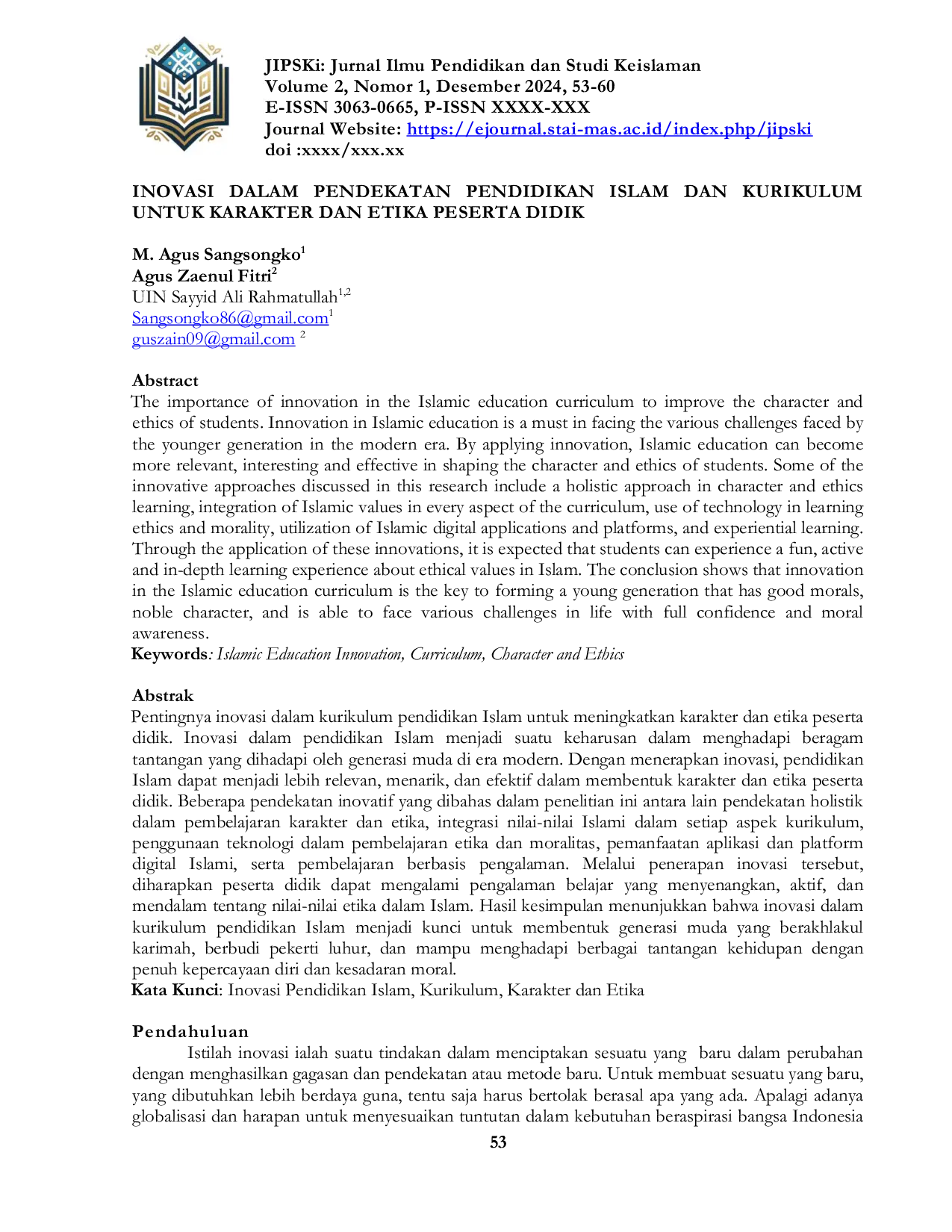 JURIS Inovasi Dalam Pendekatan Pendidikan Islam Dan Kurikulum Untuk Karakter Dan Etika Peserta Didik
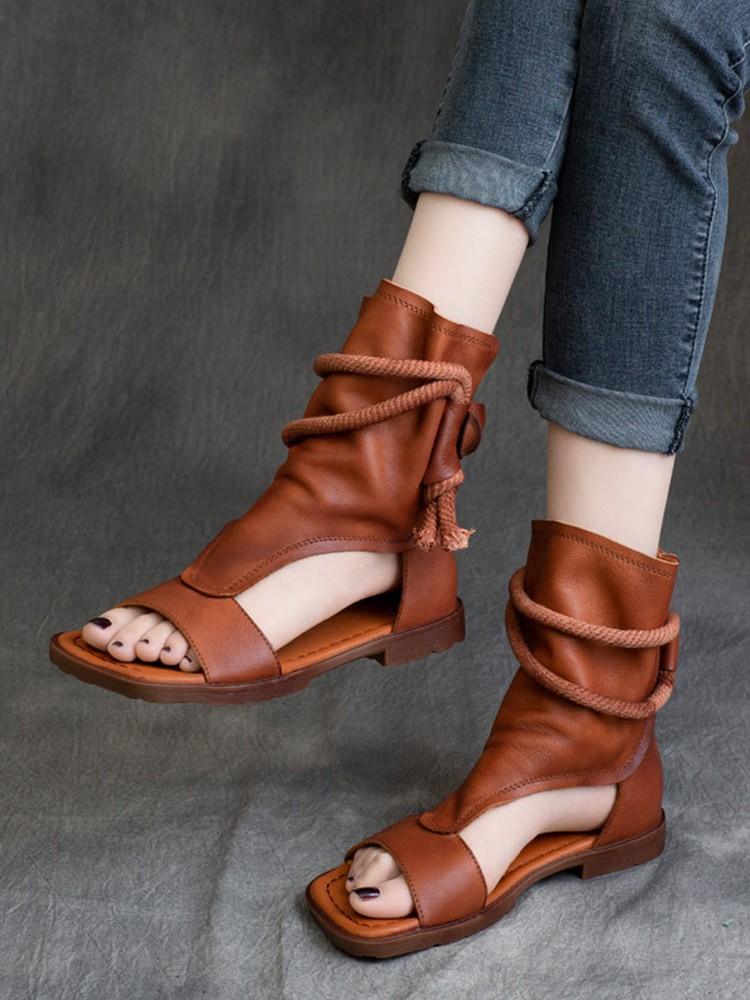 Summer New Casual Ladies Open Toe Platform Genuine Leather High Top Rome Sandals Solid Color Cowhide Female Comfortable Footwear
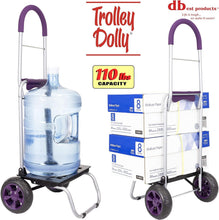 Load image into Gallery viewer, Lightweight Purple Foldable Shopping Cart with Oversized Wheels for Groceries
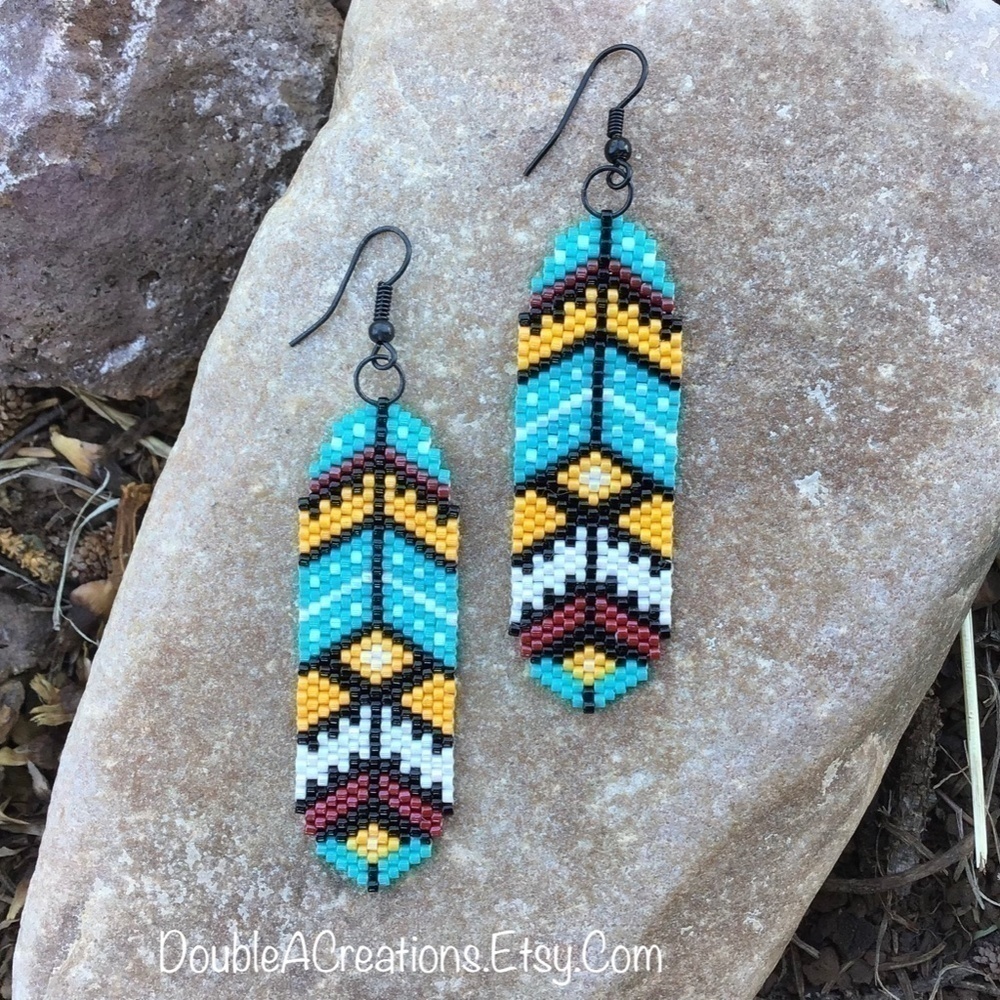 Southwest Turquoise Feathers Beaded Earrings, New, Handmade by Me - Picture 5 of 7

■ ■ ■ ■ ■ ■ ■

■ What you need to do: Leave the pictures aside and print exactly, and only, the lines from the one with "Load image into" through the end of the data, both included.

■ Exercise response:
 Load image into Gallery viewer, Lightweight Purple Foldable Shopping Cart with Oversized Wheels for Groceries
 Southwest Turquoise Feathers Beaded Earrings, New, Handmade by Me - Picture 5 of 7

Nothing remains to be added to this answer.